Об этом, о своем впечатлении от «Карпухина», я и сказал Бакланову, когда мы познакомились. Это произошло через пятнадцать лет после того летнего дня, когда я получил «Литературную Россию» с повестью, в харьковской гостинице, где мы с Баклановым оказались в одной поездке от Союза писателей то ли СССР, то ли РСФСР (все ли читатели расшифруют сейчас эти аббревиатуры?), — не помню, что за мероприятие было, по какому поводу предпринят был выезд, но много писательского народа приехало отовсюду, позвали и меня, без всяких обязанностей, просто поприсутствовать, посидеть-послушать, я, наверное, шел по разделу «молодые писатели». «Не скрою, мне приятно», — отозвался он в ответ на рассказ о том событии моей жизни, когда я получил «ЛитРоссию» с его «Карпухиным». По его лицу, по его тону было видно, что ему действительно приятно и он не намерен прятать это свое чувство, делать вид, будто пресыщен похвалами и они его не трогают. А чуть погодя выяснилось, что он читал мою недавно опубликованную в «Октябре» повесть «Гамлет из поселка Уш», она ему понравилась, ему есть что сказать мне о ней. В общем, представление друг другу закончилось его приглашением отправиться к нему в номер, посидеть там спокойно, что мы и сделали. В номере у него обнаружилась початая бутылка коньяка, он выставил ее на стол, достал стаканы. Мой отказ пить он воспринял как ломание и принялся довольно настойчиво уговаривать. Он был распахнут ко мне, расположен, я видел — это совершенно искреннее чувство, но я тогда (как и до того и потом еще порядочное число лет) даже не пригубливал и, к сожалению, не мог принять его предложения. Не возьмусь утверждать наверняка, но не исключено, именно мой тогдашний отказ отметить знакомство неформальным образом и помешал оформиться нашим отношениям как близким. В характере его, как я понял уже позднее, была некоторая обидчивость, пожалуй, даже противу желания и несоразмерно причине, вызвавшей обиду, глубоко оцарапывавшая его, и потом он уже не мог изжить эту царапину до конца. Возможно, в моем упрямом нежелании выпить сто граммов хорошего коньяка ему почудилась некая моя неполная ответная открытость к нему, душевная холодность.

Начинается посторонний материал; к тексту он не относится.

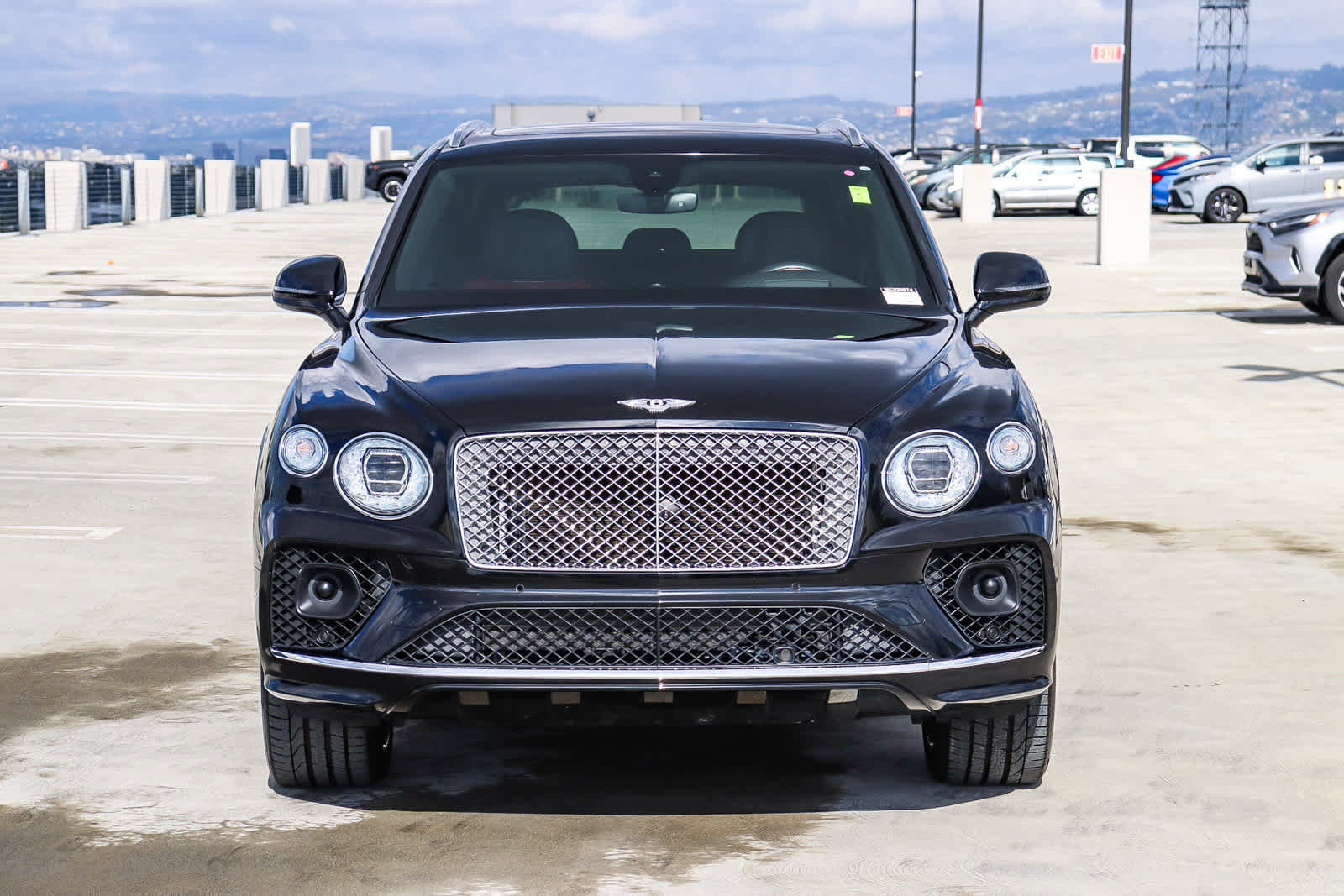 Used 2021 Bentley Bentayga image 2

Но все же в тот раз, пусть и недолго — без бутылки ведь! — мы хорошо посидели, поговорили с ним, и он мне рассказал о вещах, о которых, наверное, говорил далеко не со всеми. Узнав, что в Литинституте я ходил в семинар Бориса Бедного (старшему поколению, наверное, известен фильм «Девчата», снятый по его повести), Бакланов вспомнил, как Борис Бедный, с которым они двадцатью годами раньше меня учились в том же Литинституте, помог ему советом, если и не определившим жизнь Бакланова, то подсказавшим ее направление и избавившим от иллюзий. Дело было в начале 1950-х, еще до смерти Сталина, и Бакланов ходил устраиваться на работу в какую-нибудь редакцию. В дипломе Литинститута в графе о полученной специальности было означено «литературный работник», вот он каким-нибудь литературным работником и хотел, пусть самым младшим. Не знаю, был он уже женат, не был (что-то, кажется, о жене было помянуто), но даже если и без семьи — жить без денег невозможно, и как тут без работы, когда еще не печатают и никаких гонораров, да по-настоящему и нечего печатать, надо написать? Я постановил для себя, говорил Григорий Яковлевич своим характерным, с постоянной иронической интонировкой, как бы с вибрирующей трещинкой голосом, обойти ровно сто редакций. Почему сто? Ну вот сто! Я себе постановил — и ходил. Иногда в день даже по две. Составил себе список — и не отступал. Журналы толстые, журналы тонкие, газеты крупные, газеты многотиражные. Должны же хоть в одной редакции взять! На работу его нигде не брали: время перед смертью Сталина, разгар борьбы с космополитизмом, еврейская внешность, еврейская фамилия Фридман.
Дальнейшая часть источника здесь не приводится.